Transcribe every line from the one containing "FRİG DESENLİ GEYİKLİ KONİK VAZO 1" to the end of the listing, exactly as written, and leave out the pictures.
(Given data Opens)
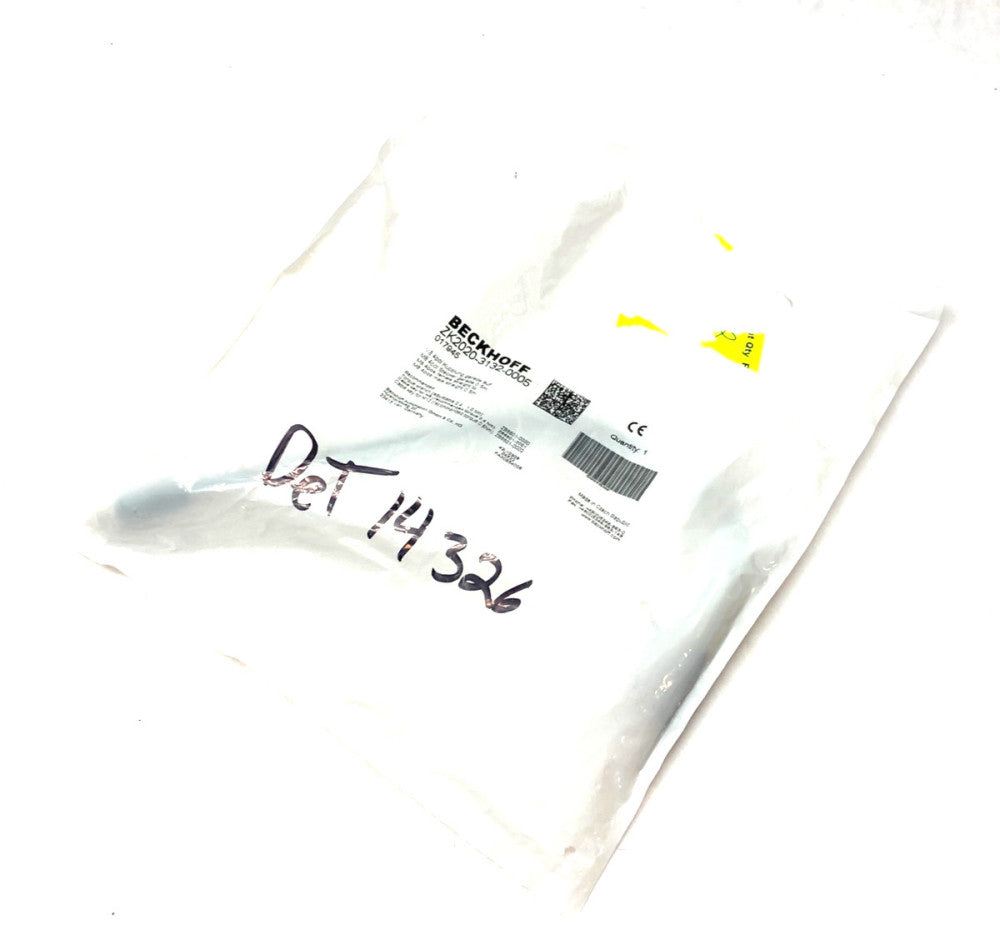 Beckhoff ZK2020-3132-0005 Double Ended Power Cable M8 4-Pos Male to Fem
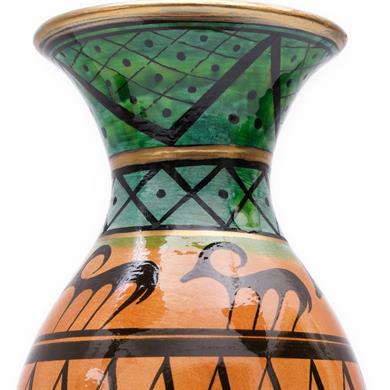 FRİG DESENLİ GEYİKLİ KONİK VAZO 1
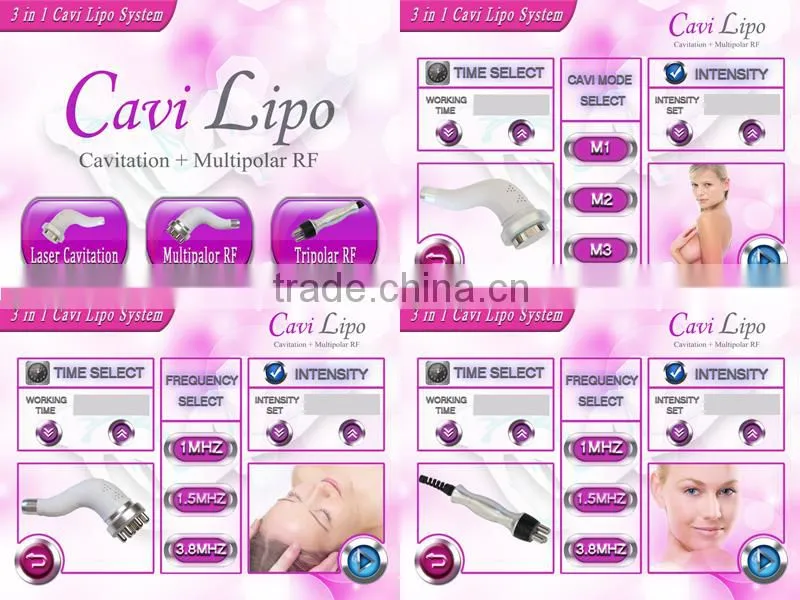 home use ultrasonic liposuction cavitation machine for sale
(Given data Closes)
▶ **Output of the task**:
 FRİG DESENLİ GEYİKLİ KONİK VAZO 1
 home use ultrasonic liposuction cavitation machine for sale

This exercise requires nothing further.